The above-mentioned (i) silica-based waveguides each have a core and a cladding layer made of silica glass (SiO2) formed on a substrate; they guide light by means of the core section doped with Ge or the like so as to have a difference in refractive index between the core and the cladding layer of about 0.2 to 5%. They are widely used for a planer lightwave circuit (PLC).
An arrayed waveguide grating (AWG), which is widely used for communications, is achieved using this technique.
The above-mentioned (ii) polymer-based waveguides each have a core and a cladding layer, both made of a polymer material, such as PMMA or polyimide; they guide light by means of a minute difference in refractive index between the material forming the core and the material forming the cladding layer.
On the other hand, the above-mentioned (iii) Si-wire waveguides each comprise a SiO2 substrate whereon a core made of Si and a cladding layer made of air or partially made of a silica glass material are formed.

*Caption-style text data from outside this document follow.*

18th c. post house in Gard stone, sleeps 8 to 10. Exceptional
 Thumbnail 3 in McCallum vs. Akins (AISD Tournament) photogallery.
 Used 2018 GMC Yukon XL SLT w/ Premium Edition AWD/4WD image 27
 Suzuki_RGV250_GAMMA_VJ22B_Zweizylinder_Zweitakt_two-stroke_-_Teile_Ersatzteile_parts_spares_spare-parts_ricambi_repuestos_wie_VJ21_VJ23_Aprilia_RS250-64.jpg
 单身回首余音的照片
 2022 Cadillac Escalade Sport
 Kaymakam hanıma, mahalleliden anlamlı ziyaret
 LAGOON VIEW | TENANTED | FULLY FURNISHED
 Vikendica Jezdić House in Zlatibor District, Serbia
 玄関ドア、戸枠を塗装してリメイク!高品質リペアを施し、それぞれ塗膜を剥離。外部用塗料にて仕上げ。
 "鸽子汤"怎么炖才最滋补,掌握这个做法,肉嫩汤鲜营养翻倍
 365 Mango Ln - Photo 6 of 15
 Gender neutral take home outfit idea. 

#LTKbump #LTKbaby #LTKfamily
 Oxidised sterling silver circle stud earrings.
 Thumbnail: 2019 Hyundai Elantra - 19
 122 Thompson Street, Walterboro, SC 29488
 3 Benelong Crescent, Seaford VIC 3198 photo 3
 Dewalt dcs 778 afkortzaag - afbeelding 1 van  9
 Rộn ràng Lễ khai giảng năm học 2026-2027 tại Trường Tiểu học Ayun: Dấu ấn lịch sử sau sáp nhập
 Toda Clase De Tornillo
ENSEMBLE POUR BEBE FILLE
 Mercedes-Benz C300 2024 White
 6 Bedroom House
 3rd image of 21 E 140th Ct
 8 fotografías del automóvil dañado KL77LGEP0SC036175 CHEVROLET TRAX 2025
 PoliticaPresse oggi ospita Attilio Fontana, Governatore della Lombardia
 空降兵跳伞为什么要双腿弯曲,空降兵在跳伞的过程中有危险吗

The above-mentioned conventional waveguides each have strengths and weaknesses. Firsty, despite the above-mentioned (i) silica-based waveguides being used widely as a PLC technique, the radius of curvature needs to be about 1 mm, and this is comparatively small (the propagation loss is small for that part) compared to the difference in refractive index between the core and the cladding layer of less than or equal to 1%. Therefore, the confinement effect of light to the core by the difference in refractive index is weak, and a large bending loss occurs when the waveguide is tried to be bent at a radius of curvature of about less than or equal to 1 mm. Accordingly, when used in an optical integrated circuit, there is a restriction on the bending size of the waveguide and there was the problem that the optical circuit could not be made very small.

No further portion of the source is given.